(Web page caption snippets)
===

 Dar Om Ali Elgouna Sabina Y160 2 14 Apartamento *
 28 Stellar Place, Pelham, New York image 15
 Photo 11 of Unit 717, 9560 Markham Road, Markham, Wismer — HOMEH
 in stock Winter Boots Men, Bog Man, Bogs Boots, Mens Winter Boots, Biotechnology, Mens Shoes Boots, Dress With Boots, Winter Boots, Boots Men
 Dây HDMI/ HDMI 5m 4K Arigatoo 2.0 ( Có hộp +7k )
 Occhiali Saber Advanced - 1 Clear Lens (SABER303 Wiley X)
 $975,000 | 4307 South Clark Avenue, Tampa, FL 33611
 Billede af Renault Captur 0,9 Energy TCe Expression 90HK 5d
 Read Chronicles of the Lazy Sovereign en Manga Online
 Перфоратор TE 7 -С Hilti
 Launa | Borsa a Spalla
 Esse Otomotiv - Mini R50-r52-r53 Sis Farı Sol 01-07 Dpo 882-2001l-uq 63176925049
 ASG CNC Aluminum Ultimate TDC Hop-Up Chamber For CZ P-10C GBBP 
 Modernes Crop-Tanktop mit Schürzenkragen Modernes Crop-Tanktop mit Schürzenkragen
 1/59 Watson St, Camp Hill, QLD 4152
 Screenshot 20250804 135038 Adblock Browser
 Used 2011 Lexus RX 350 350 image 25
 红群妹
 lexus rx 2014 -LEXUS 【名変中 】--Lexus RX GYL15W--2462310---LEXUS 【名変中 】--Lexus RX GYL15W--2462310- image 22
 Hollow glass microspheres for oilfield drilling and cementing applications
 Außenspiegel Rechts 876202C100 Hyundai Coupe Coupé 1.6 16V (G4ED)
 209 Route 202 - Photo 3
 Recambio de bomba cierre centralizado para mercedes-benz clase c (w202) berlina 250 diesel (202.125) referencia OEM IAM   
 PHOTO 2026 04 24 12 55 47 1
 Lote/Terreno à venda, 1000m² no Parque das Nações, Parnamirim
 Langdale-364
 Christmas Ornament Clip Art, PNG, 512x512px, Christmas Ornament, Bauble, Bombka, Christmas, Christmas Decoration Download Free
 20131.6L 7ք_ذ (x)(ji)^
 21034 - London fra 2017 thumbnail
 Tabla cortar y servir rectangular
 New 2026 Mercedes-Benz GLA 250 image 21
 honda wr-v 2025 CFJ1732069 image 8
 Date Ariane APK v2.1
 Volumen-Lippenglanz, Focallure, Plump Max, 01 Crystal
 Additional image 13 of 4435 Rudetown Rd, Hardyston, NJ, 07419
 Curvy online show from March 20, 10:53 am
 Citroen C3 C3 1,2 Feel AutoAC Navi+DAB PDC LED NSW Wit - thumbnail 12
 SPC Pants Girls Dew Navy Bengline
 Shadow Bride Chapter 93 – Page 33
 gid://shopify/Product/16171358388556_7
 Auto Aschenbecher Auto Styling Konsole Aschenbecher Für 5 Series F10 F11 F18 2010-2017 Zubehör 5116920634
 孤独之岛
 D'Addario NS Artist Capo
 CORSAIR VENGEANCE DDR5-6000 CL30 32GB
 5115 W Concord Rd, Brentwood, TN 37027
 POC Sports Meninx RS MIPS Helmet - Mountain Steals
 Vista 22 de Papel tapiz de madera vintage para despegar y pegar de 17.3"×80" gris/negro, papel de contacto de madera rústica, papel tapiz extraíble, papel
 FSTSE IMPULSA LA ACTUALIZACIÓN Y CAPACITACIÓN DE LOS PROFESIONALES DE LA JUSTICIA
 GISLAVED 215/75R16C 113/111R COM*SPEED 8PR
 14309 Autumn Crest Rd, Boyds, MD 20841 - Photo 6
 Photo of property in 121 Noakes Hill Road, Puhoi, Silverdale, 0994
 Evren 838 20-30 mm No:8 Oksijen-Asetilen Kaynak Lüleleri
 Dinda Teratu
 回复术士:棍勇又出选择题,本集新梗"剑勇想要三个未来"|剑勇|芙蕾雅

===

Exercise requirements
Starting at the top of the data above, repeat every line exactly until the line containing "Billede af Renault" has been given, then stop.

Answer
 Dar Om Ali Elgouna Sabina Y160 2 14 Apartamento *
 28 Stellar Place, Pelham, New York image 15
 Photo 11 of Unit 717, 9560 Markham Road, Markham, Wismer — HOMEH
 in stock Winter Boots Men, Bog Man, Bogs Boots, Mens Winter Boots, Biotechnology, Mens Shoes Boots, Dress With Boots, Winter Boots, Boots Men
 Dây HDMI/ HDMI 5m 4K Arigatoo 2.0 ( Có hộp +7k )
 Occhiali Saber Advanced - 1 Clear Lens (SABER303 Wiley X)
 $975,000 | 4307 South Clark Avenue, Tampa, FL 33611
 Billede af Renault Captur 0,9 Energy TCe Expression 90HK 5d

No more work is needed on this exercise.